ENTRIES PROVIDED START

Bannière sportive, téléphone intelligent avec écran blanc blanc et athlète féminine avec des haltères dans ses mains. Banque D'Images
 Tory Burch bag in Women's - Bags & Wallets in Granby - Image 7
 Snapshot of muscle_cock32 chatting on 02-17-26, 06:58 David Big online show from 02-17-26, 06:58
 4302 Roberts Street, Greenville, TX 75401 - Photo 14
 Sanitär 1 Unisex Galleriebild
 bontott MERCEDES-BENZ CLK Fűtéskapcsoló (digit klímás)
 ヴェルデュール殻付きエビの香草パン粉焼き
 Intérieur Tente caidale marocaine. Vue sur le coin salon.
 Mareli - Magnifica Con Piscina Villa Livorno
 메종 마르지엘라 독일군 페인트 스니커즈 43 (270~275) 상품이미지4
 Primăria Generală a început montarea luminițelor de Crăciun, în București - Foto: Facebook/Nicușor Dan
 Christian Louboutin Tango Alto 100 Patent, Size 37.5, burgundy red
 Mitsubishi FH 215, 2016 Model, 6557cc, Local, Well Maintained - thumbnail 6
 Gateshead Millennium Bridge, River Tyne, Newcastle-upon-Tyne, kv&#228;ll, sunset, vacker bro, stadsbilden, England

ENTRIES PROVIDED END

### YOUR OBJECTIVE
Output only the lines from the one that contains "Snapshot of muscle_cock32" through the last line of the data above, each restated exactly.

### YOUR SOLUTION
 Snapshot of muscle_cock32 chatting on 02-17-26, 06:58 David Big online show from 02-17-26, 06:58
 4302 Roberts Street, Greenville, TX 75401 - Photo 14
 Sanitär 1 Unisex Galleriebild
 bontott MERCEDES-BENZ CLK Fűtéskapcsoló (digit klímás)
 ヴェルデュール殻付きエビの香草パン粉焼き
 Intérieur Tente caidale marocaine. Vue sur le coin salon.
 Mareli - Magnifica Con Piscina Villa Livorno
 메종 마르지엘라 독일군 페인트 스니커즈 43 (270~275) 상품이미지4
 Primăria Generală a început montarea luminițelor de Crăciun, în București - Foto: Facebook/Nicușor Dan
 Christian Louboutin Tango Alto 100 Patent, Size 37.5, burgundy red
 Mitsubishi FH 215, 2016 Model, 6557cc, Local, Well Maintained - thumbnail 6
 Gateshead Millennium Bridge, River Tyne, Newcastle-upon-Tyne, kv&#228;ll, sunset, vacker bro, stadsbilden, England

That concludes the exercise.